What is expected: When you copy the data that follows, reproduce every word exactly and leave out the images.

Dataset excerpt:
╔══
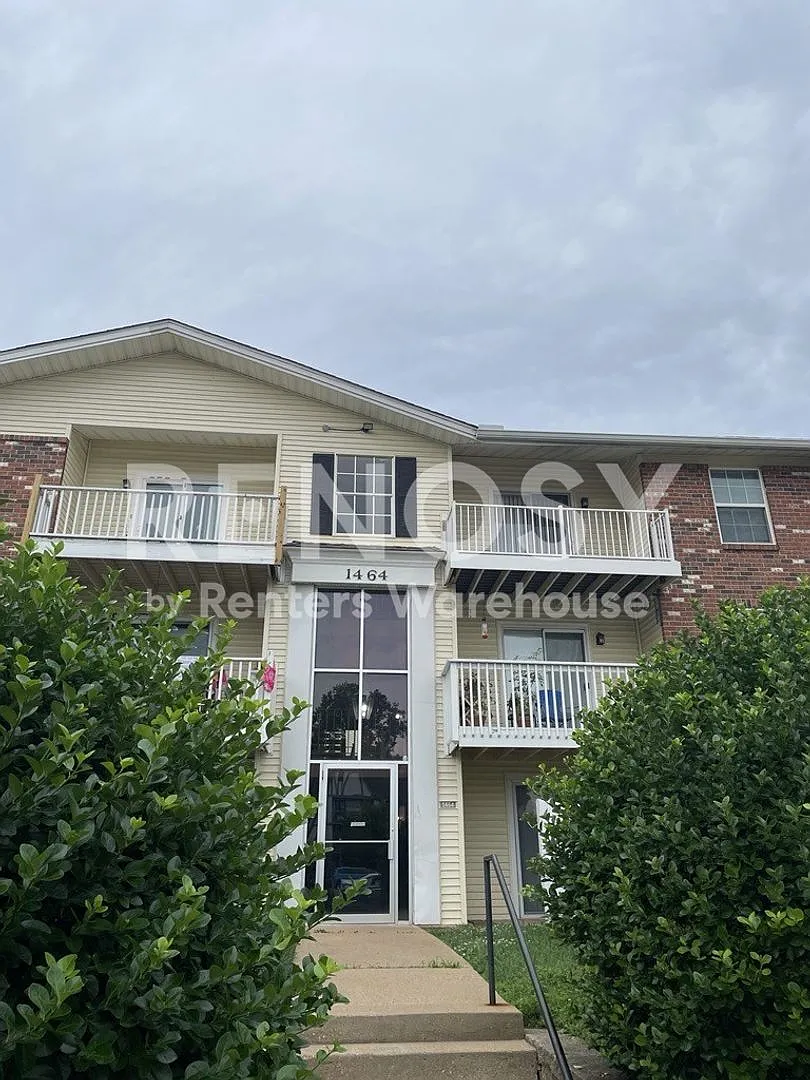Two bed two bath condo unit in the heart of Saint Charles - See Special Offer! — Photo 3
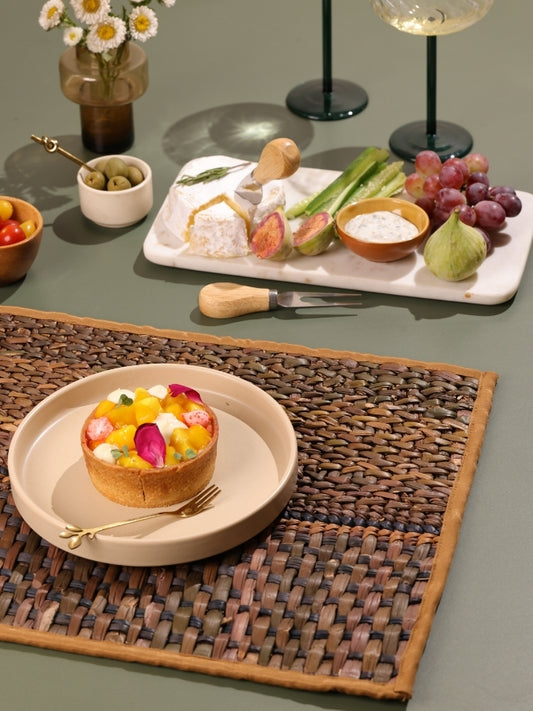 Water Reed Placemats (Brown & Black Color)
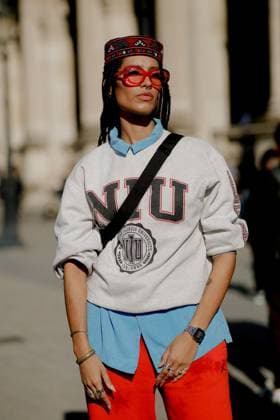 PFW - Street Style Street style, arriving at Louis Vuitton Spring Summer 2023 show, held at Musee du Louvre, Paris, France, on October 4, 2022. Photo by Marie-Paola Bertrand-Hillion ABACAPRESS.COM Paris France  Copyright: xBertrand-HillionxMarie-Paola ABACAx 831458_191 Bertrand-HillionxMarie-Paola ABACAx 831458_191 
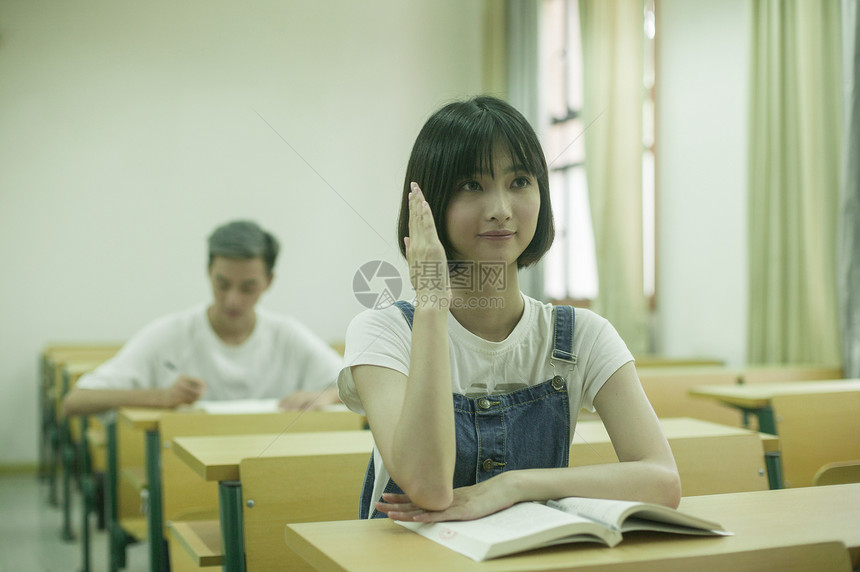 学校教室里上课同学认真学习知识图片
╚══
Reply to the task:
Two bed two bath condo unit in the heart of Saint Charles - See Special Offer! — Photo 3
 Water Reed Placemats (Brown & Black Color)
 PFW - Street Style Street style, arriving at Louis Vuitton Spring Summer 2023 show, held at Musee du Louvre, Paris, France, on October 4, 2022. Photo by Marie-Paola Bertrand-Hillion ABACAPRESS.COM Paris France  Copyright: xBertrand-HillionxMarie-Paola ABACAx 831458_191 Bertrand-HillionxMarie-Paola ABACAx 831458_191 
 学校教室里上课同学认真学习知识图片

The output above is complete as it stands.